Tre Marie, libro e mostra d’arte
(di Francesco Lenoci -Docente Università Cattolica del Sacro Cuore – Milano -Vicepresidente Associazione Regionale Pugliesi – Milano) - (Foto: il ristorante Tre Marie, giugno 2010) – Certe sere le parole non riescono a trasmettere ciò che si prova nella mente e nel cuore. Questa sera, 28 giugno 2011, all’Aquila, presso la Sala Conferenze “Tre Marie”, dove mi trovo per aver accolto un quanto mai gradito invito, è per me una di quelle sere. . . .
Permettetemi, allora, di raccontarvi dov’ero e cosa ho fatto questa mattina.
Da Milano, alle 6,07, ho inviato un sms a Dino Abbascià, presidente dell’Associazione Regionale Pugliesi di Milano. Gli ho chiesto di poter riproporre gli odierni eventi (presentazione del Libro e inaugurazione della Mostra d’Arte), dopo L’Aquila, a Milano.
Mi ha risposto con un altro sms alle 6,20.
“Sei autorizzato e pregato di riproporli a Milano. Porgi i saluti a tutti i presenti all’Aquila: ogni italiano ha un pezzo di cuore in quel territorio”.
È vero: alle 6,53 ho scritto su facebook “Francesco torna all’Aquila” e in tanti hanno cliccato “Mi piace”.
Alle 11,00, sul Freccia Rossa Milano-Roma, ho letto Il Sole 24-Ore. Nel Rapporto sull’Emilia Romagna c’è un’intervista a Massimo Bottura, proclamato Cuoco dell’Anno 2011 dall’Accademia Mondiale di Gastronomia.
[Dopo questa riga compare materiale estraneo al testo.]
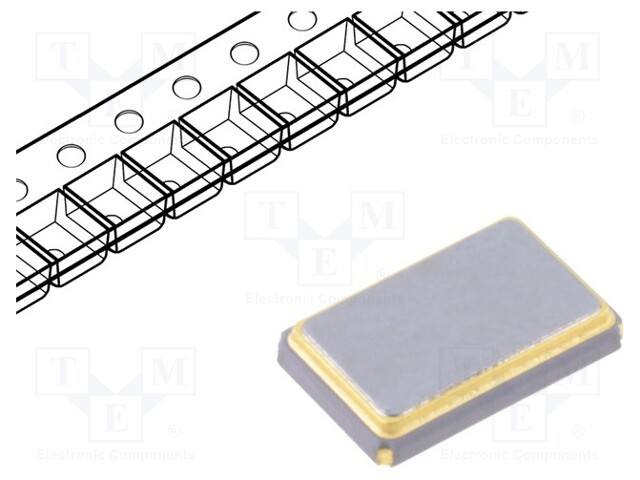 Resonator: quartz; 8MHz; ±20ppm; 18pF; SMD; 5x3.2x1mm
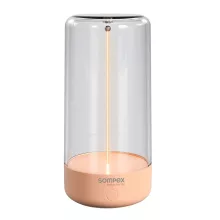   Villeroy & Boch Sompex Pulse tölthető asztali lámpa 14,5 cm, szabályozható beépített LED izzóval, barack 78517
Mi ha colpito un passaggio: “All’Osteria Francescana di Modena il miglior cuoco del mondo serve piatti della tradizione del suo territorio”.
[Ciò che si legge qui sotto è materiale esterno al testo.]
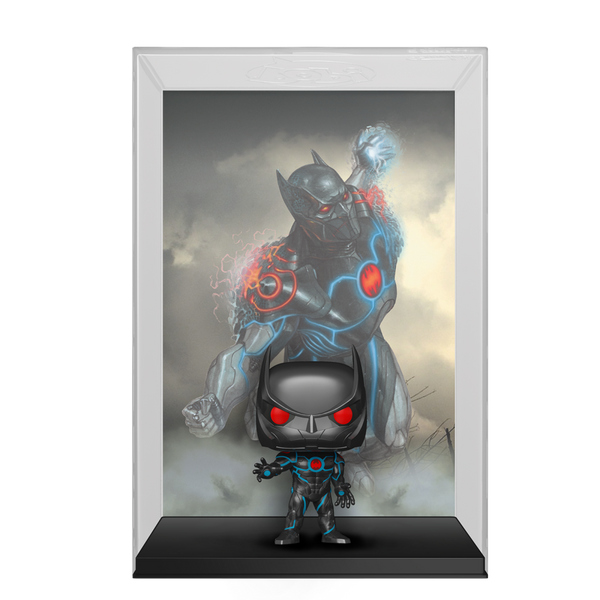 DC Comics - Batman (Murder Machine) Pop! Cover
La spiegazione fornita da Massimo Bottura è la seguente: “Occorre guardare al passato riattualizzandolo in chiave contemporanea. Il che non significa affatto seguire la moda, ma vivere il tempo presente”. (Cfr. pag. 19).
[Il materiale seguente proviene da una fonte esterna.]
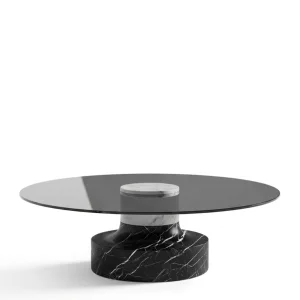 Lope Marble Legged Coffee Table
Sono sobbalzato: quel concetto non era nuovo per me. Ma dove l’avevo appreso?
È incredibile a dirsi, ma l’ho letto nel Libro di Errico Centofanti “Quel Ramo di Mandorlo”, One Group Edizioni, giugno 2011, che racconta fatti e personaggi del leggendario Ristorante Aquilano Tre Marie. . . . uno dei motivi per cui mi trovo all’Aquila!
Si tratta del principio etico e professionale che don Peppe Scipioni definisce “Semplicità”.
“Semplicità”, infatti, “vuol dire pure rifuggire dall’innovazione fine a se stessa e sapersi attenere alla tradizione, pur senza rinunciare a interpretare con garbo ogni ragionevole esigenza di attualizzazione”. (Cfr. pag.131).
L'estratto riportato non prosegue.